- University: Berea College
- Conference: Heartland Collegiate Athletic Conference
- Division: Division III
- Athletic director: Ryan Hess
- Location: Berea, Kentucky
- Varsity teams: 14 (7 men's, 7 women's)
- Arena: Seabury Center
- Baseball stadium: Berea College Athletic Complex
- Nickname: Mountaineers
- Colors: Berea Blue and white
- Website: bereaathletics.com

= Berea Mountaineers =

The Berea Mountaineers are composed of 14 teams representing Berea College in intercollegiate athletics, including men and women's basketball, cross country, soccer, tennis, and track and field. Men's sports include baseball and golf. Women's sports include softball and volleyball. The Mountaineers compete in the NCAA Division III and are members of the Collegiate Conference of the South for all sports.

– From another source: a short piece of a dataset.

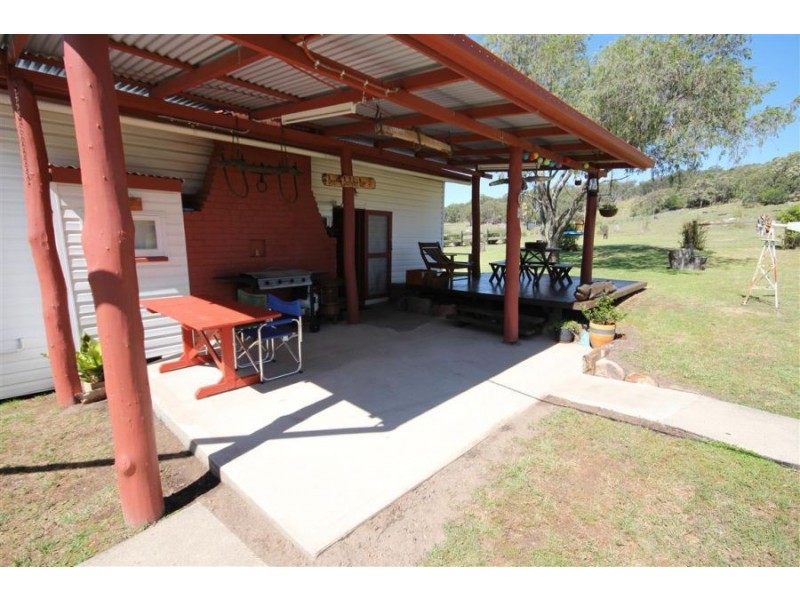 53 Four Mile Creek Road, Tenterfield NSW 2372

Berea will leave the Collegiate Conference of the South in the fall of 2024 to join the Heartland Collegiate Athletic Conference.

== Teams ==

| Men's sports | Women's sports |
|---|---|
| Baseball | Basketball |
| Basketball | Cross country |
| Cross country | Soccer |
| Golf | Softball |
| Soccer | Tennis |
| Tennis | Track and field |
| Track and field | Volleyball |

===Men's basketball===
On February 4, 1954, Irvine Shanks was in the lineup for Berea against Ohio Wilmington, breaking the color barrier in college basketball in the state of Kentucky.